Whither the Kingdom?
Undoubtedly, the perennial (and only?) issue of humanity is the issue of the kingdom.
We can imagine a much, much, much better world than the one we currently inhabit. We can imagine a world without poverty, without sickness, a world of kindness and helpfulness, a world of riches, a world of plenty, a world of healing, a world of paradise.
In short, we can all quite well imagine, in our best moments, the kingdom of heaven.
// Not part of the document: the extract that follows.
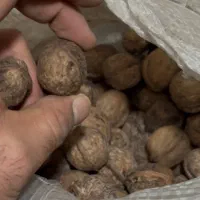 گردوی سایز ریز و سوزنی|حراج|قزوین, |دیوار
[I pause here to note that I’m currently reading Sarah Ruden’s translation of The Gospels, which I cannot recommend too highly. She notes that the ancient world did not have a conception of “religious” words like “heaven” being a separate category of words from their everyday language. Since the ancients construed of heaven as a place physically located up in the sky — as discussed in my last post — and the Greek word often translated as “heaven,” “ouranois” means both the sky in the physical sense and in the metaphysical sense — she translates the phrase “kingdom of heaven” as “kingdom of the skies.” There is a lot here to unpack which I won’t get into here, but I will continue to use the phrase “kingdom of heaven” until have the opportunity to better explicate my thoughts on the “kingdom of the sky/skies.”]
But where is this heaven and how do we get there?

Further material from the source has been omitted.